→ **Instructions for the task**:
The expected result is the full set of records, copied precisely, with images dropped.

Stored records
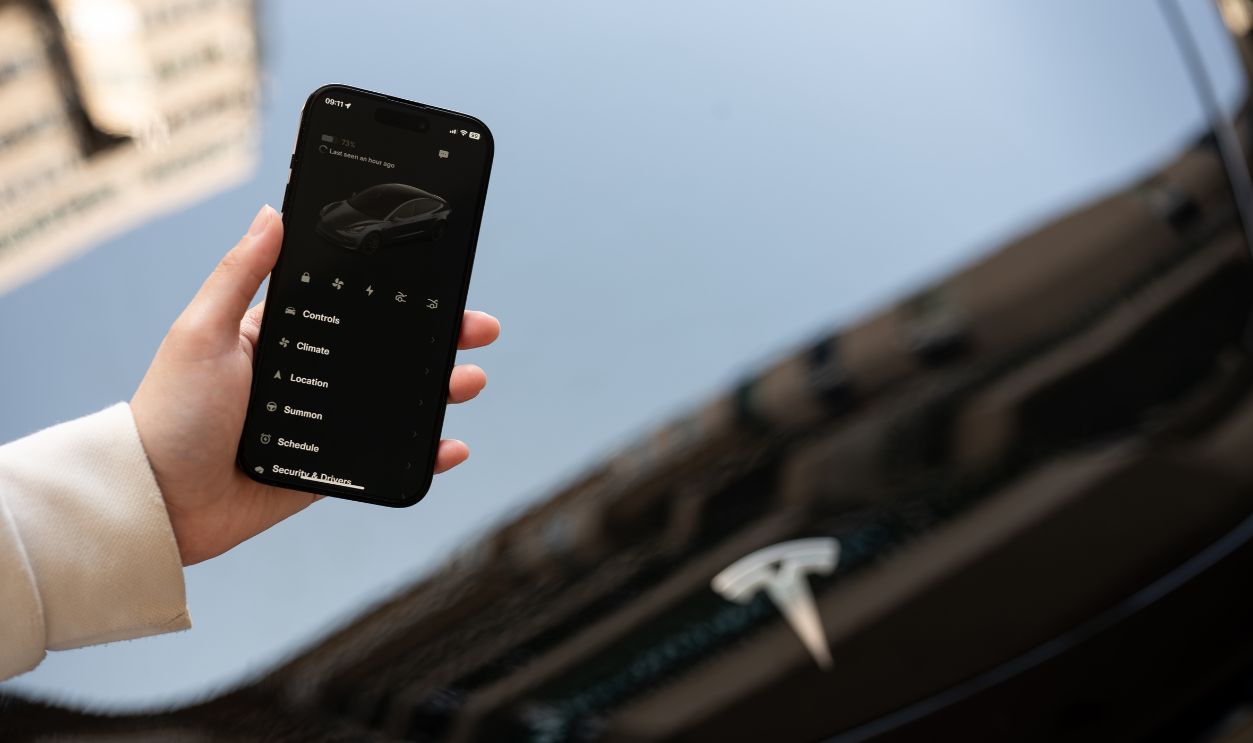 Chiang Mai, Thailand - Jan 08 2024: close-up image of a woman using the Tesla application on her iPhone14 outdoors.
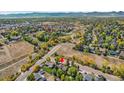 Aerial view of a house and surrounding neighborhood at 6430 S Kendall St, Littleton, CO 80123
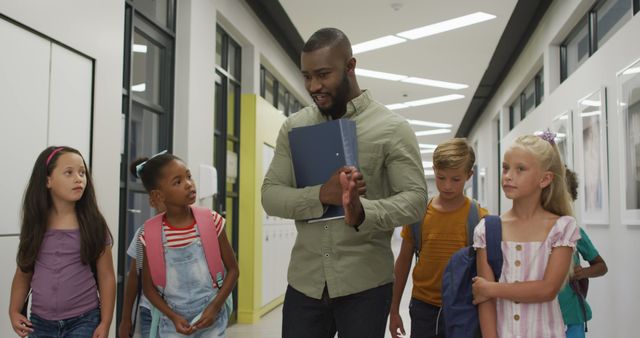 Teacher is leading a group of diverse students through a school corridor, creating a sense of unity and teamwork. The children, who are carrying backpacks, appear to be having an animated discussion with their teacher, emphasizing a positive learning environment. This image is perfect for illustrating concepts related to education, childhood, diversity, mentorship, and school life.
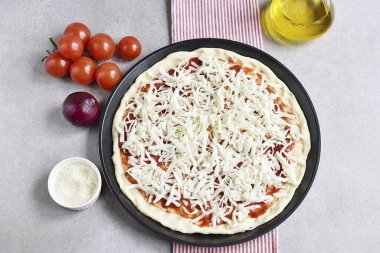 Rendelenmiş mozzarellayı pizzanın tabanına serp ve eşit bir şekilde dağıt..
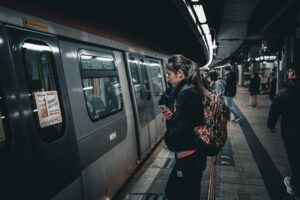 Transit Agency Fare Hike Plans Collide With Falling Ridership Budgets Commuters walking through a busy urban subway station during rush hour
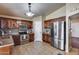 Bright kitchen boasts stainless steel appliances, ample dark wood cabinetry, and tile flooring for a modern touch at 12048 W Dahlia Dr, El Mirage, AZ 85335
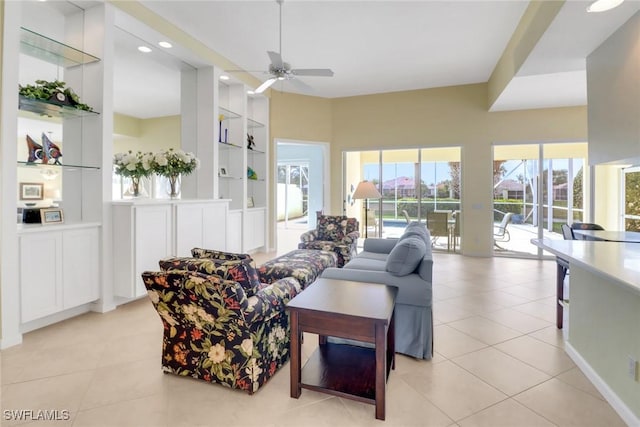 living area with light tile patterned floors, ceiling fan, and built in shelves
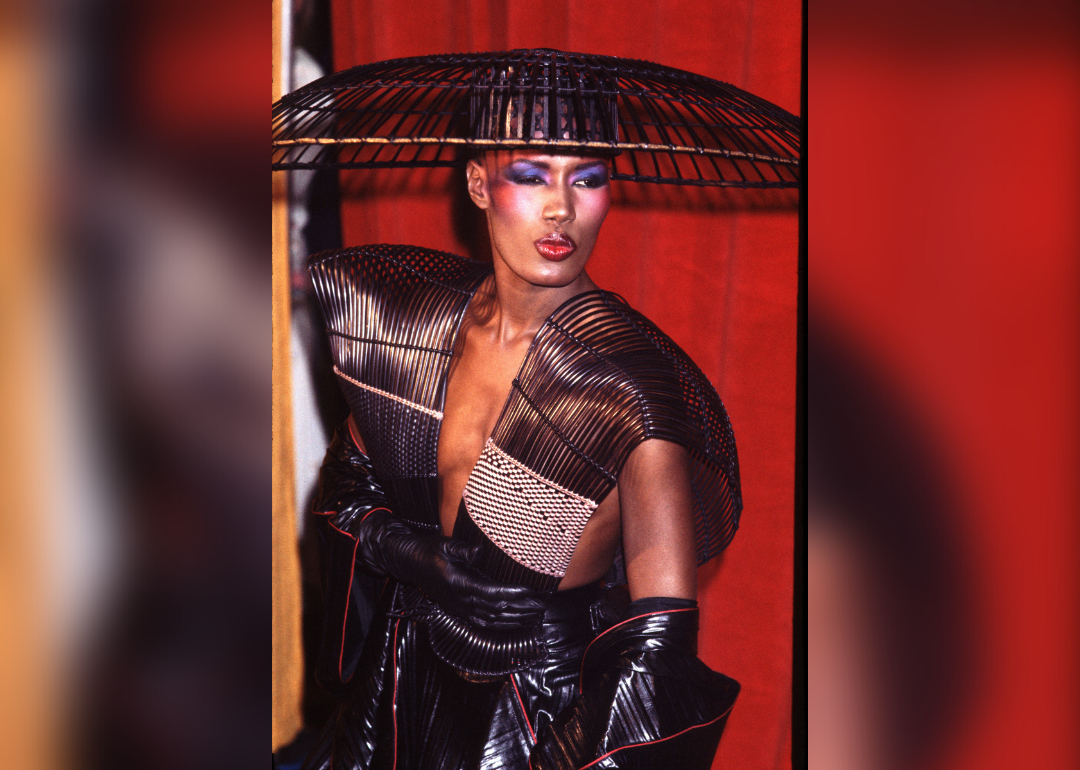 Grace Jones posing in a wicker basket hat and outfit.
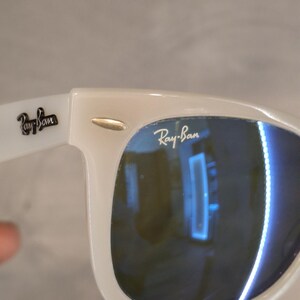 Pu&ograve; includere: Occhiali da sole bianchi con lenti blu. Il logo Ray-Ban &egrave; visibile sulla lente e sull'asta. La montatura &egrave; di colore bianco brillante e le lenti riflettono l'ambiente.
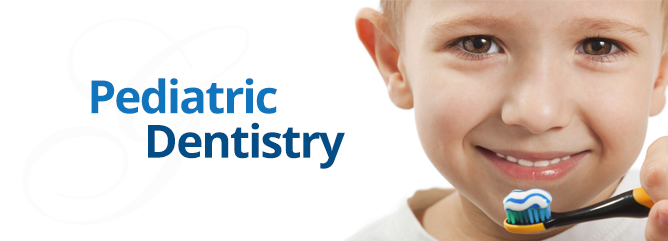 Pediatric Dentistry, boy smiling and holding a toothbrush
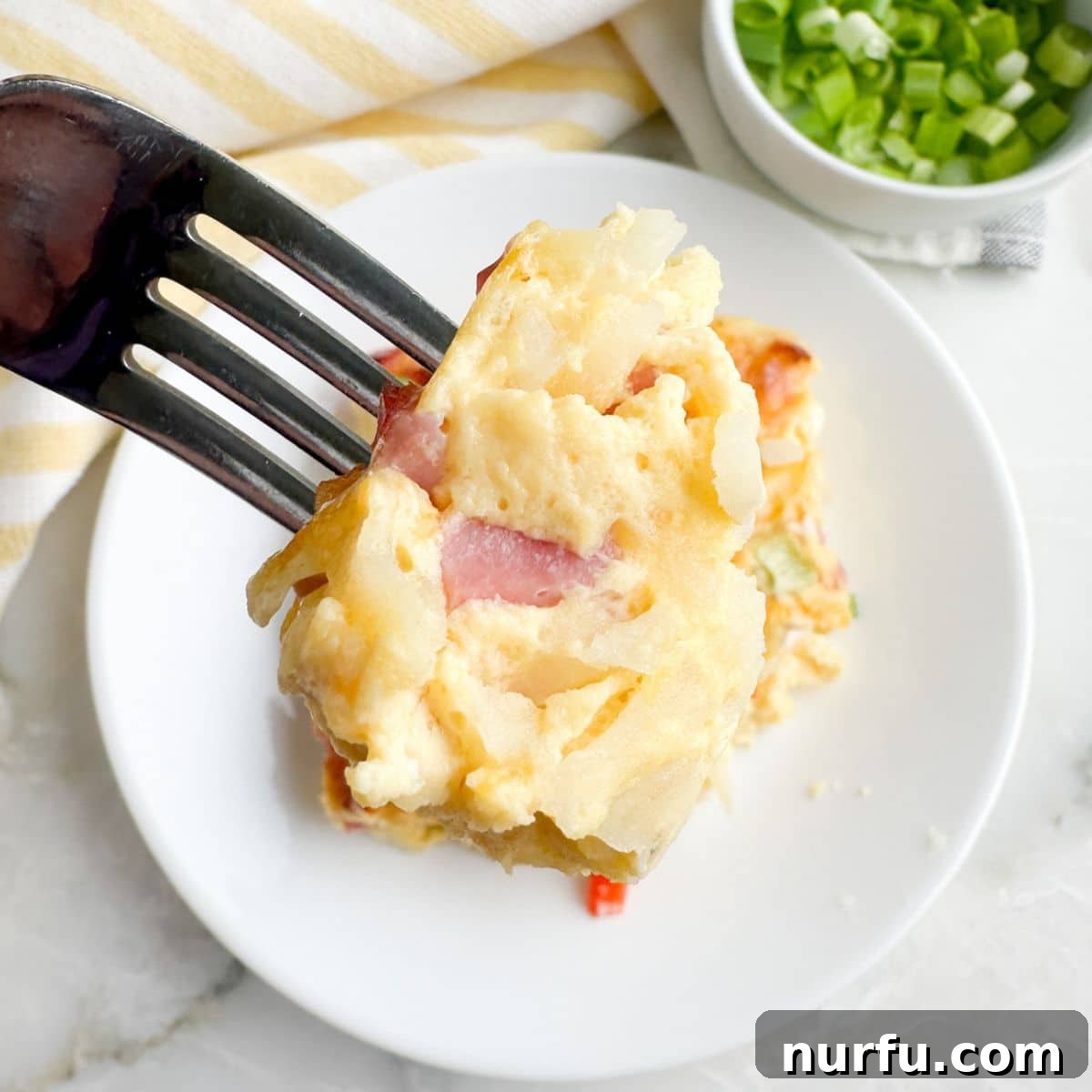 Hearty Farmhouse Casserole 8 A fork piercing into a delicious piece of Farmers Casserole on a white plate, showing the layers of egg, cheese, ham, and hash browns.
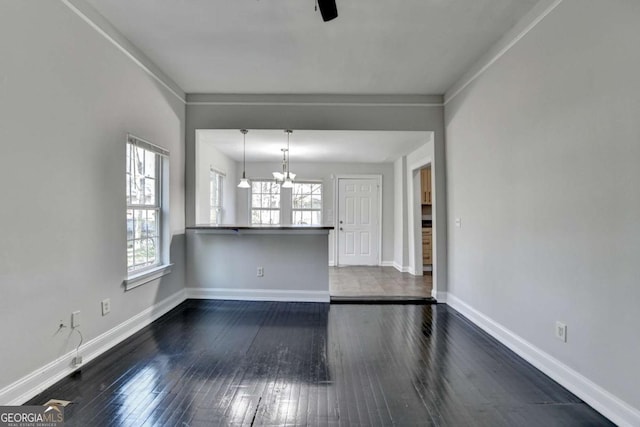 73 Atlanta Ave SW, Atlanta, GA 30315 - interior space featuring ceiling fan with notable chandelier, baseboards, and dark wood-style flooring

→ **Response to the task**:
 Chiang Mai, Thailand - Jan 08 2024: close-up image of a woman using the Tesla application on her iPhone14 outdoors.
 Aerial view of a house and surrounding neighborhood at 6430 S Kendall St, Littleton, CO 80123
 Teacher is leading a group of diverse students through a school corridor, creating a sense of unity and teamwork. The children, who are carrying backpacks, appear to be having an animated discussion with their teacher, emphasizing a positive learning environment. This image is perfect for illustrating concepts related to education, childhood, diversity, mentorship, and school life.
 Rendelenmiş mozzarellayı pizzanın tabanına serp ve eşit bir şekilde dağıt..
 Transit Agency Fare Hike Plans Collide With Falling Ridership Budgets Commuters walking through a busy urban subway station during rush hour
 Bright kitchen boasts stainless steel appliances, ample dark wood cabinetry, and tile flooring for a modern touch at 12048 W Dahlia Dr, El Mirage, AZ 85335
 living area with light tile patterned floors, ceiling fan, and built in shelves
 Grace Jones posing in a wicker basket hat and outfit.
 Pu&ograve; includere: Occhiali da sole bianchi con lenti blu. Il logo Ray-Ban &egrave; visibile sulla lente e sull'asta. La montatura &egrave; di colore bianco brillante e le lenti riflettono l'ambiente.
 Pediatric Dentistry, boy smiling and holding a toothbrush
 Hearty Farmhouse Casserole 8 A fork piercing into a delicious piece of Farmers Casserole on a white plate, showing the layers of egg, cheese, ham, and hash browns.
 73 Atlanta Ave SW, Atlanta, GA 30315 - interior space featuring ceiling fan with notable chandelier, baseboards, and dark wood-style flooring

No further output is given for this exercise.